Question

One end of a light spring of natural length d and spring constant K is fixed on a rigid wall and the other is fixed to a smooth ring of mass m which can be slide without friction in a vertical rod fixed at a distance d from the wall. Initially the spring makes an angles of ${37}^0$ with the horizontal as shown in figure.
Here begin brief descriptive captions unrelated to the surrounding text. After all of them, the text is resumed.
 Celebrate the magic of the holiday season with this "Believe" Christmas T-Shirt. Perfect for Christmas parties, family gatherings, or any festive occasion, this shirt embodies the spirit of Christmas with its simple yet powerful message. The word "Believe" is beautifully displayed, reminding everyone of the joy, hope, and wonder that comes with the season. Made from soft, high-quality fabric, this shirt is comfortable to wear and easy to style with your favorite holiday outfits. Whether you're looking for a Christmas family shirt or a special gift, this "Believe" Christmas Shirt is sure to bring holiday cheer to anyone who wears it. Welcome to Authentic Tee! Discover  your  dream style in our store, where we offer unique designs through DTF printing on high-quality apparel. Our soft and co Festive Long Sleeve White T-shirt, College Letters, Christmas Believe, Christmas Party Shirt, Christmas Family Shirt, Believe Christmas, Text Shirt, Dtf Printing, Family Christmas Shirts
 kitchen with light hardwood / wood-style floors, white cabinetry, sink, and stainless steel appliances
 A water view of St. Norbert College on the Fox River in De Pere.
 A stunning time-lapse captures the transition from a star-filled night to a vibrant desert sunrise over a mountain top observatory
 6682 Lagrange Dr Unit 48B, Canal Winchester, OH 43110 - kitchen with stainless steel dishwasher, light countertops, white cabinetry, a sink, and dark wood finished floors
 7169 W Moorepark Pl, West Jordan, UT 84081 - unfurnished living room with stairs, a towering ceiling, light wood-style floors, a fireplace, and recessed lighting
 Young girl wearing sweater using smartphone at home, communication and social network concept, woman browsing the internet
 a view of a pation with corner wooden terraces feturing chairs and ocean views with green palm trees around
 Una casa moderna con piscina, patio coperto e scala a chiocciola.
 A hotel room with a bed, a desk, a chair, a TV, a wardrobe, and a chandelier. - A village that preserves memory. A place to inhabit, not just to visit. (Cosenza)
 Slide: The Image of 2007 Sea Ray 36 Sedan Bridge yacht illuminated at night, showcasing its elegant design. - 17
When the system is released from rest, find the speed of the ring when the spring becomes horizontal [sin${37}^0$ = 3/5]

• A. $\frac{h}{12}\sqrt{\frac{K}{m}}$
• B. $\frac{h}{6}\sqrt{\frac{K}{m}}$
  
• C. $\frac{h}{4}\sqrt{\frac{K}{m}}$
• D. None of these

Answer 1

The correct option is C $\frac{h}{4}\sqrt{\frac{K}{m}}$

Given, $\theta ={37}^0$

Here, l=h= natural length.

Let velocity when the spring is vertical be 'v'.

$cos{37}^0$= $\frac{BC}{AC}=0.8=\frac{4}{5}$

AC= (h+x) Where x=$\frac{5h}{4}(as,BC=h)$

So, $\frac{5h}{4}-hx=\frac{h}{4}$

From work energy principle, $\frac{1}{2}k{x}^2=\frac{1}{2}m{v}^2$

$v=x\sqrt{\frac{K}{m}}=\frac{h}{4}\sqrt{\frac{K}{m}}$